TR Ayrıca, isterse sizin website sayfanız olsun isterse rakibinizin, belirli bir sorgu için çalışmayı durduran veya başlatan sayfaları izleyebilirsiniz.
ภาษาอังกฤษ | ภาษาตุรกี |
---|---|
query | sorgu |
website | website |
pages | sayfaları |
ones | bir |
also | ayrıca |
for | için |
or | veya |
of | in |
EN When you opt out on a particular device, we will stop using and transferring mobile app data from that device for interest-based advertising on, and ad delivery/reporting to, other linked devices
TR Belirli bir cihazı devre dışı bıraktığınızda, diğer bağlı cihazlarda ilgi alanına dayalı reklamcılık ve reklam yayınlama/raporlama için mobil uygulama verilerini kullanmayı ve bu cihazdan aktarmayı durduracağız
ภาษาอังกฤษ | ภาษาตุรกี |
---|---|
mobile | mobil |
data | verilerini |
reporting | raporlama |
other | diğer |
linked | bağlı |
interest | ilgi |
based | dayalı |
using | kullanmayı |
device | cihaz |
and | ve |
app | uygulama |
out | bu |
devices | cihazlarda |
advertising | reklam |
EN If you choose to begin staking, definitely start by experimenting with minimum amounts with particular staking protocols and staking rewards
TR Stake etmeye başlamayı düşünüyorsanız, minimum rakamlar, stake etme ödülleri ve farklı stake etme protokolleri hakkında araştırma yapmaya kesinlikle başlamalısınız
ภาษาอังกฤษ | ภาษาตุรกี |
---|---|
staking | stake |
definitely | kesinlikle |
minimum | minimum |
protocols | protokolleri |
to | etmeye |
and | ve |
EN When you search on YouTube vidIQ displays lots of great information regarding the keyword universe for a particular term
TR YouTube'da arama yaptığınızda, vidIQ, belirli bir terim için anahtar kelimeyle ilgili birçok müthiş bilgiler gösterir
ภาษาอังกฤษ | ภาษาตุรกี |
---|---|
search | arama |
displays | gösterir |
information | bilgiler |
keyword | anahtar |
vidiq | vidiq |
on | ilgili |
for | için |
of | in |
lots | çok |
EN When you connect to a VPN server located in a particular country, any website or service you visit will be shown an IP address native to that region
TR Belirli bir ülkede bulunan bir VPN sunucusuna bağlandığınızda ziyaret ettiğiniz tüm web sitelerine ve hizmetlere o bölgeye özgü bir IP adresi gösterilir
ภาษาอังกฤษ | ภาษาตุรกี |
---|---|
vpn | vpn |
server | sunucusuna |
ip | ip |
country | ülkede |
website | web |
that | o |
address | adresi |
you | ve |
located | bulunan |
visit | ziyaret |
EN Identifying your particular mobile device can be a task in itself
TR Özel mobil cihazınızı tanımlamak başlı başına bir görev olabilir
ภาษาอังกฤษ | ภาษาตุรกี |
---|---|
task | görev |
mobile | mobil |
device | cihaz |
be | olabilir |
a | bir |
EN The necessary information for amendment request should in particular covers;
TR Değişiklik talebi için gerekli bilgiler özellikle şunları kapsamalıdır;
ภาษาอังกฤษ | ภาษาตุรกี |
---|---|
information | bilgiler |
amendment | değişiklik |
necessary | gerekli |
request | talebi |
for | için |
EN The Tokyo Olympics are here! We at Phemex are excited to finally have a chance to see some international sports competition, it has been too long! The Olympics and Tokyo in particular, is a place wher……

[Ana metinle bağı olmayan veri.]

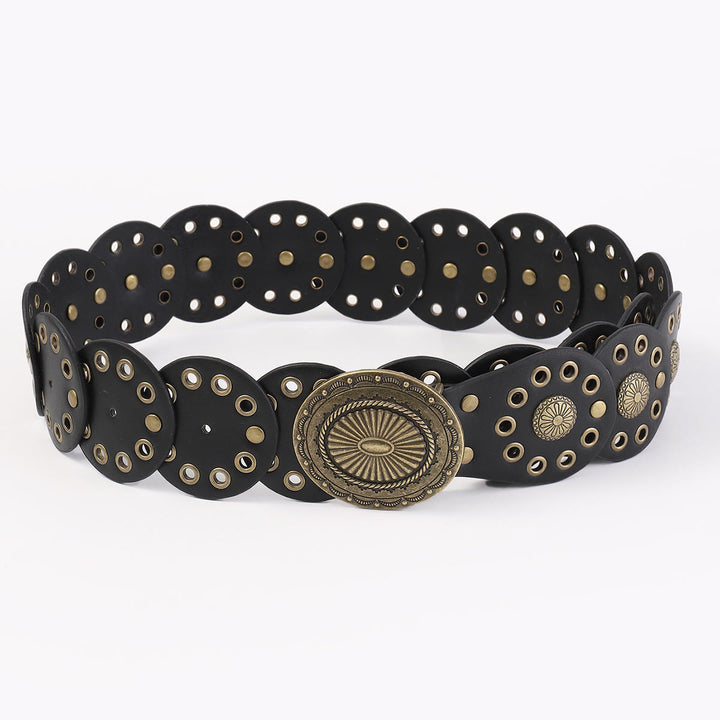 Ceinture ronde en cuir noir pour femme, style western rétro personnalisé - image 3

TR Değerli Phemex Kullanıcıları, UEFA çeyrek finalleri geldi, yani kimin "Avrupa'nın en iyi futbol takımı" seçileceğini görmek için sadece sekiz takım ve yedi maç kaldı. Turnuva……
EN Looking for when a particular word or phrase that was spoken? Now you can. It's fast and easy to find key soundbites.

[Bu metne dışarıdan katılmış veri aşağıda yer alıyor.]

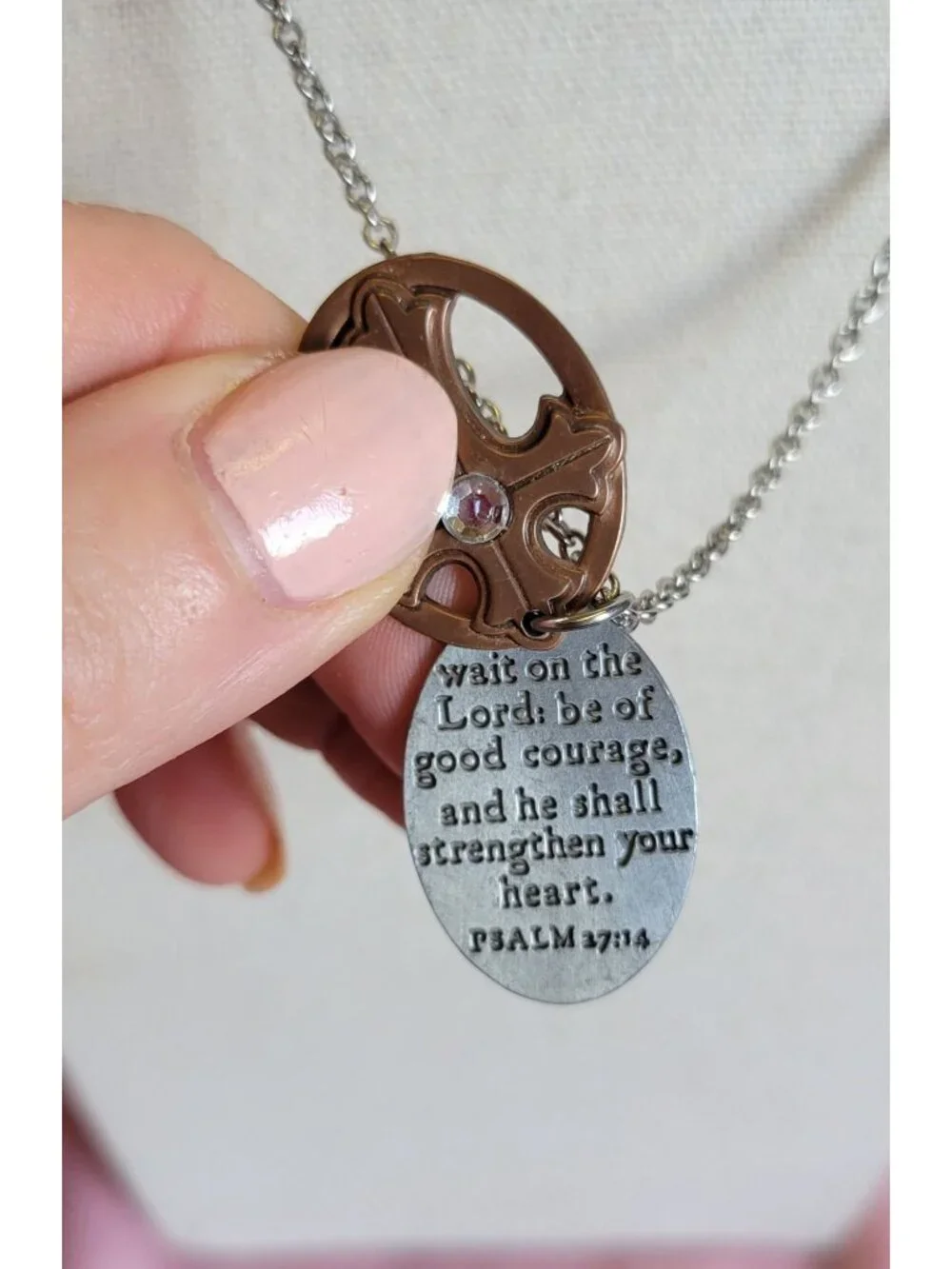 Silver Tone Religious GOD Scripture PSALM Cross Chain Pendant Necklace N1D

TR Ne zaman konuşulan belirli bir kelime veya ifade arıyorsunuz? Şimdi yapabilirsin. Anahtar ses bitelerini bulmak hızlı ve kolaydır.
ภาษาอังกฤษ | ภาษาตุรกี |
---|---|
spoken | konuşulan |
easy | kolaydır |
key | anahtar |
looking for | arıyorsunuz |
fast | hızlı |
when | zaman |
or | veya |
can | ne |
and | ve |
EN If we are uncertain whether a particular comment is inappropriate, we can ask that a group conscience be held.

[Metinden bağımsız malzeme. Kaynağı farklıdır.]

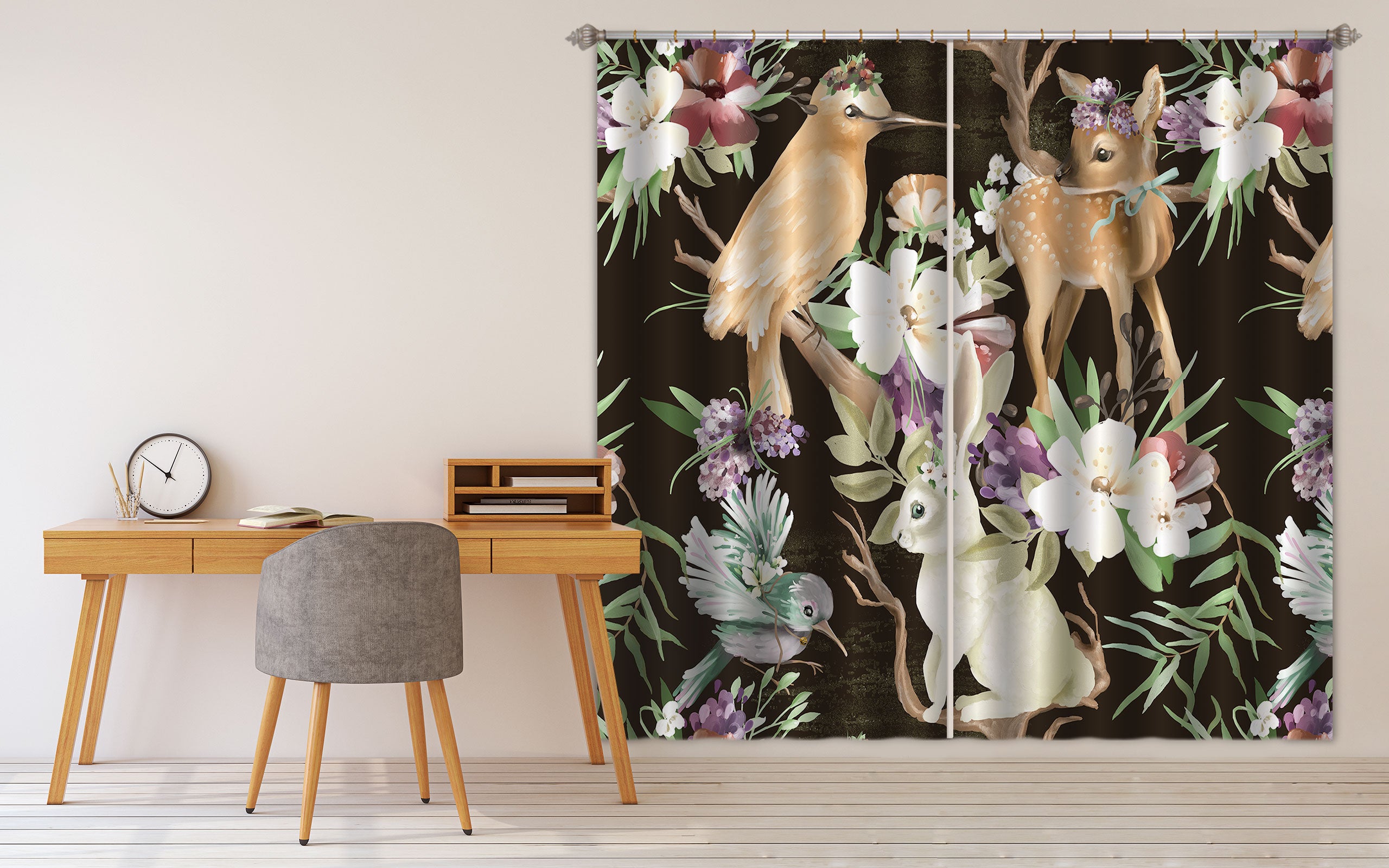 3D Bird Fawn Forest 062 Curtains Drapes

TR Belirli bir yorumun uygunsuz olup olmadığından emin değilsek, grup vicdanının tutulmasını isteyebiliriz.
ภาษาอังกฤษ | ภาษาตุรกี |
---|---|
inappropriate | uygunsuz |
group | grup |
EN Mostly, I watched videos posted on a particular platform and I read texts in forums
TR Çoğunlukla belirli bir platformda yayınlanan videoları izledim ve forumlardaki metinleri okudum
ภาษาอังกฤษ | ภาษาตุรกี |
---|---|
platform | platformda |
videos | videoları |
read | ve |
EN Deleting problematic apps from your computer or smartphoneIf a particular app is problematic for you, it is recommended to delete it from your devices.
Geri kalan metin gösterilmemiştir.